5. Statistical Methodology Failures

Statistics·February 5, 2026·backtesting, bt-series, statistics, multiple-testing, sharpe

5.1 The Multiple Comparisons Problem

Harvey, Liu, and Zhu (2016) demonstrated that the threshold for statistical significance in backtested strategies must be adjusted for the number of strategies tested. Their work, which examined the factor zoo in academic finance, showed that a $t$ -statistic of 2.0 (the traditional threshold for significance at the 5% level) is statistically inadequate when hundreds or thousands of strategy variants have been evaluated. They proposed a minimum $t$ -statistic of approximately 3.0 for newly discovered factors, accounting for the implicit multiple testing that pervades the field.

This problem is even more acute in retail backtesting, where the number of variations tested is typically far greater than in academic research and almost never reported. A researcher who tests a moving average crossover strategy with twenty combinations of fast and slow periods, across ten instruments, with three different filters, has evaluated six hundred strategy variants. Presenting the best performer as “the strategy” without adjustment for multiple testing is meaningless. Yet this is standard practice.

Bailey, Borwein, Lopez de Prado, and Zhu (2014) formalised this intuition with what they called the false strategy theorem. The expected maximum Sharpe ratio among $N$ independent zero-skill strategies grows as approximately $\sqrt{2 \ln N}$ , which means that trying just ten configurations of a worthless strategy is expected to produce one with a Sharpe ratio above 1.5 in-sample, while the true out-of-sample expectation remains zero. They derived a corresponding minimum backtest length (MinBTL): with five years of daily data, no more than forty-five independent configurations should be tested before the expected maximum Sharpe ratio from pure noise reaches 1.0. With only two years of data, the budget drops to seven. Most retail traders blow past these thresholds before lunch on the first day of development.

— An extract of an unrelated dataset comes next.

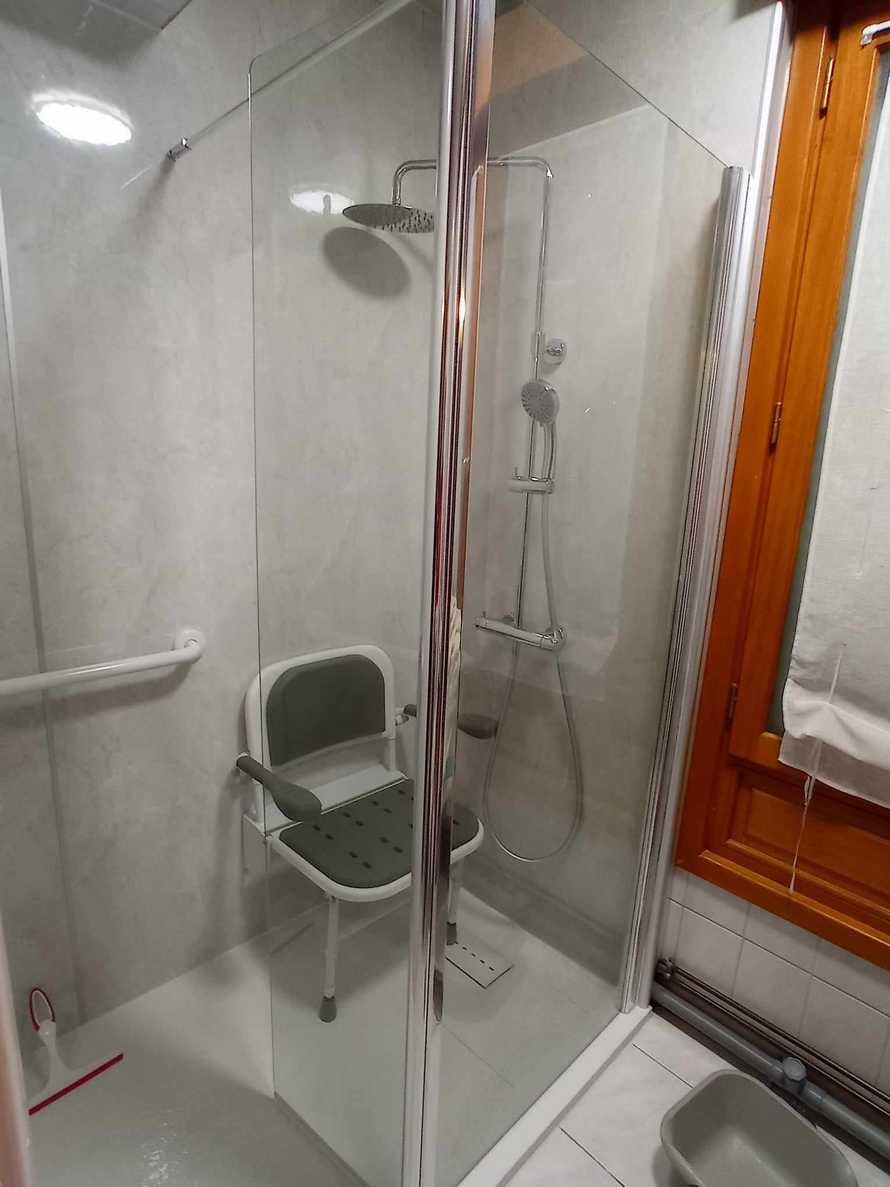 Une petite douche adaptée avec un siège rabattable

The false strategy theorem describes a search across configurations of a zero-skill process: the inflated Sharpe ratio is pure noise, and the mitigation is the multiple-testing correction the theorem prescribes. The position is materially worse for any strategy whose payoff is sensitive to intra-bar order sequencing. As Section 4.2 sets out, the OHLC path assumption generates a per-trade error that is structurally one-signed in the strategy’s favour, and the per-trade bias grows with the tightness of the bracket relative to typical bar range. A parameter search then preferentially selects configurations with tight stops and tight targets, which is exactly the region of parameter space where the bias is largest. The search is no longer data-mining unbiased noise; it is data-mining a systematically positive artefact. The Bailey and López de Prado correction adjusts for the search; it does not remove a bias that was already present before the search began. For path-sensitive strategies on coarse bar data, the two effects multiply, and no multiple-testing correction alone can recover honest performance metrics from the contaminated simulator.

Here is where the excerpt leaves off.